Stop Doing Single Platform Analytics

Eric Bell, a Natural Language Processing Software Scientist at PNNL, gave a “Pecha Kucha” presentation on the value of analysis across multiple media types. Using this fast-paced presentation style, Eric spoke on exactly 20 slides, each of which was shown for only 20 seconds (6 minutes and 40 seconds in total).

He started by explaining the differences between how we analyze people versus how we analyze companies. With people, we ask questions like “What do they eat? What sort of pictures do they share?” Then we take information derived from different bubbles and mash it together to make a statement. However, we wouldn’t use that method to characterize a company—we see an organization as a much more complex entity with various departments, levels, and sophisticated moving parts.

By way of example, he showed the following Tweet that he recently posted about his cat:Eric Bell 1

To analyze a Tweet, we typically look at its text, the terms, #hashtags, Twitter handles, and other attributes. We might also try to understand the Tweet’s audience—who is interacting with the post and how that looks over time. We might also analyze the image of his cat via the bit.ly link.

Cat 1

Now we’re starting to learn something about the author and why he made the post. We might also go on to analyze other Tweets and images that this author put up to form a picture of what he likes, what he is interested in, how he interacts.

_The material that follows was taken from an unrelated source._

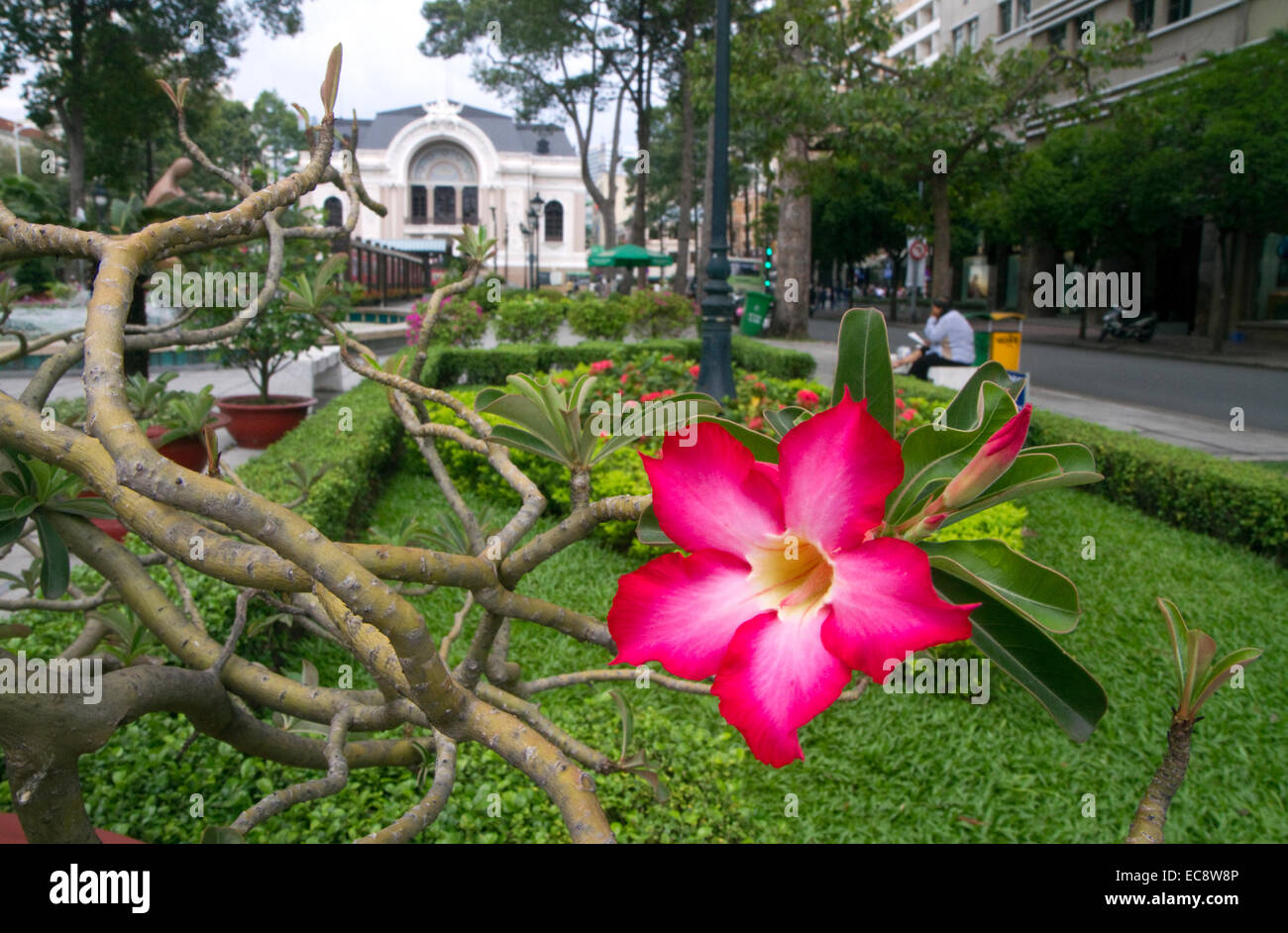 Adenium Obesum Blume in Ho-Chi-Minh-Stadt, Vietnam. Stockfoto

Eric’s presentation then segued to the question, “Why do we perform analysis in a silo’d, isolated fashion?” We produce reports and charts to make decisions on the basis of data, but we do that by analyzing each individual channel separately and analyzing traditional media apart from social media. He asked whether there is value in trying to bring the diverse data types together. While we suspect there is great value in being able to do this, we see it as a daunting task.

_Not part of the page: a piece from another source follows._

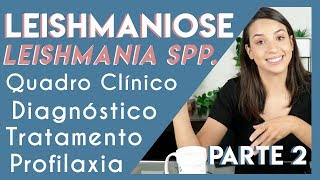 Leishmaniose Leishmania spp  Parte 2  PARASITOLOGIA 5 [upl. by Trilby672]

Eric went on to ask whether we can be more broad about the way we think about digital identity and social analysis. Can we blend traditional and social media together? Instead of using an algorithm on a single platform, could we use it on multiple platforms? If we could do this, our decisions would be much more informed, with a deeper and richer understanding of context. In some cases, it might lead us to ask a new question about traditional media or get an insight on something we previously were not able to.

Eric ended his presentation with a challenge to the audience, the “brains in the room.” Can we change the way we have traditionally done social analysis and bring value and impact to the world of social data? If the brains at Big Boulder can’t figure this out, perhaps no one can.